With the musical theater market in Manila on the rise, local news coverage offers more proof of the nation’s strong affinity for Broadway, its musicals and its talent. A feature in the Philippines Star highlights a clutch of Filipino talent now on Broadway: Jasmine Forsberg (playing Jane Seymour) and standby Sierra Fermin in SIX, Red Concepcion as Amos in Chicago, and Marc dela Cruz, a standby for the title role in Hamilton.
Great Scott—the DeLorean’s heading to Japan: The musical adaption of Back to the Future launches a Tokyo run in April 2025, and with the show now playing on the West End and on Broadway, the Tokyo outpost looks like a early stop in what’s poised to be a robust global expansion for Back to the Future.

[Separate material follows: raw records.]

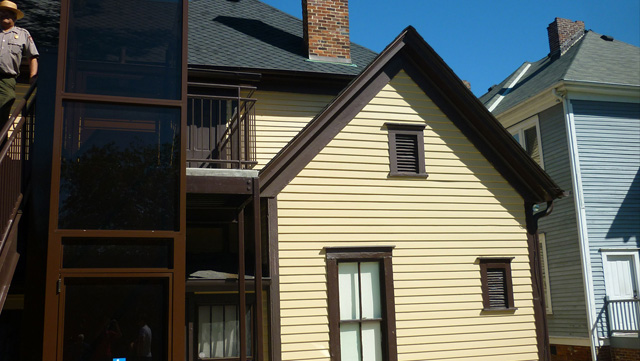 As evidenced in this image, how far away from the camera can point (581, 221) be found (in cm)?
1825

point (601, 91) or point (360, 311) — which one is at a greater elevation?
point (601, 91)

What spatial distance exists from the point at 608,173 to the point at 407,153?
9518mm

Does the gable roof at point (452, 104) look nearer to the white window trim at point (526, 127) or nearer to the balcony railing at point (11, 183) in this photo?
the balcony railing at point (11, 183)

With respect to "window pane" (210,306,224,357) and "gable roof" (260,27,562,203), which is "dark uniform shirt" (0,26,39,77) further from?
"gable roof" (260,27,562,203)

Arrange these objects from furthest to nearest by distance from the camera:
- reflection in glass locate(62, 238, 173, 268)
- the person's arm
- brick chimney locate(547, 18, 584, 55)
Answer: brick chimney locate(547, 18, 584, 55) → the person's arm → reflection in glass locate(62, 238, 173, 268)

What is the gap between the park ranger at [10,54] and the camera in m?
7.37

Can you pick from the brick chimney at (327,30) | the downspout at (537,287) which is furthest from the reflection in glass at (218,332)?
the brick chimney at (327,30)

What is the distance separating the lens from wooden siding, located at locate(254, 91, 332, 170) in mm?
12938

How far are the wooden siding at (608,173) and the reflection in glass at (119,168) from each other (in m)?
14.3

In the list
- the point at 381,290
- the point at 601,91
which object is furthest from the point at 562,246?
the point at 381,290

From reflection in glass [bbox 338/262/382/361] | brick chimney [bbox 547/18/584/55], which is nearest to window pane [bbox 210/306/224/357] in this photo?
reflection in glass [bbox 338/262/382/361]

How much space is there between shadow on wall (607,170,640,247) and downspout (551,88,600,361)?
3.14 feet

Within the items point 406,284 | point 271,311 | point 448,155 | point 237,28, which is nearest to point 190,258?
point 271,311

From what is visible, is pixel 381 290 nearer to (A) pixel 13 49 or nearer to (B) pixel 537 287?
(B) pixel 537 287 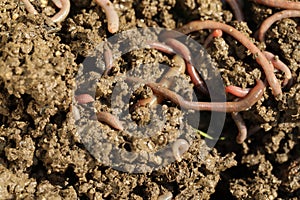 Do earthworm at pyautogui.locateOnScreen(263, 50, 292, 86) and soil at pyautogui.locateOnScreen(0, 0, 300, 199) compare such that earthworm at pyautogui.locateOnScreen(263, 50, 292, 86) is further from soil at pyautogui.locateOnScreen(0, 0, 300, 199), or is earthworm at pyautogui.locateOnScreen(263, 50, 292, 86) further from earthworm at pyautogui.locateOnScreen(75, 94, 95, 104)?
earthworm at pyautogui.locateOnScreen(75, 94, 95, 104)

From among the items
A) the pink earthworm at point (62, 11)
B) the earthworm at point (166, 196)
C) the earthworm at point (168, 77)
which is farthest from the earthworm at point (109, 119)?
the pink earthworm at point (62, 11)

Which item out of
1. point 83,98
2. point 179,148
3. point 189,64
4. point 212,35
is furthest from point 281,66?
point 83,98

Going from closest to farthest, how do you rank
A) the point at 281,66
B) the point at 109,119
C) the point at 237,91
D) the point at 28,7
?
the point at 109,119, the point at 28,7, the point at 237,91, the point at 281,66

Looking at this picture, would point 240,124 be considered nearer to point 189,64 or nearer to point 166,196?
point 189,64

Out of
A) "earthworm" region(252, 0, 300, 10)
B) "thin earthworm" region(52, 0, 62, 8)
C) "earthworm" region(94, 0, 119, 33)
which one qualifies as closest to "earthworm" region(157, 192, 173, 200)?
"earthworm" region(94, 0, 119, 33)

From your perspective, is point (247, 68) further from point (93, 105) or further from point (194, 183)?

The show’s lead producer, Colin Ingram—who’s partnering with Shiki Theatre Company for the Japanese staging—had notable international success with his previous large-scale outing, Ghost, a show that was short-lived on Broadway but has thrived around the world.
Over in another booming music market, there’s a lot going on in Madrid. Matilda hit 500 performances, Chicago passed 100, and a recent feature highlights 10 more notable theater productions coming up on the city’s 2024 calendar. On the list are Pretty Woman, Aladdin, and homegrown musicals El Tiempo Entre Costuras (The Time Between Seams); Los Pilares de la Tierra (The Pillars of the Earth), based on the Ken Follett novel and world premiering in November; and Malinche The Musical, a popular production, created by pop musician Nacho Cano, about the Nahua woman who was interpreter and advisor to Hernán Cortés.
Fellow Substacker
points out that Peter Pan is trending with recent and upcoming productions from HoriPro in Tokyo, DeepBridge in Antwerp, and on the road in the U.S.—as well as international stagings of Mischief’s Broadway alum Peter Pan Goes Wrong. As noted in the Madrid feature in the previous bulletpoint, there’s a Peter Pan in Madrid at the moment, too.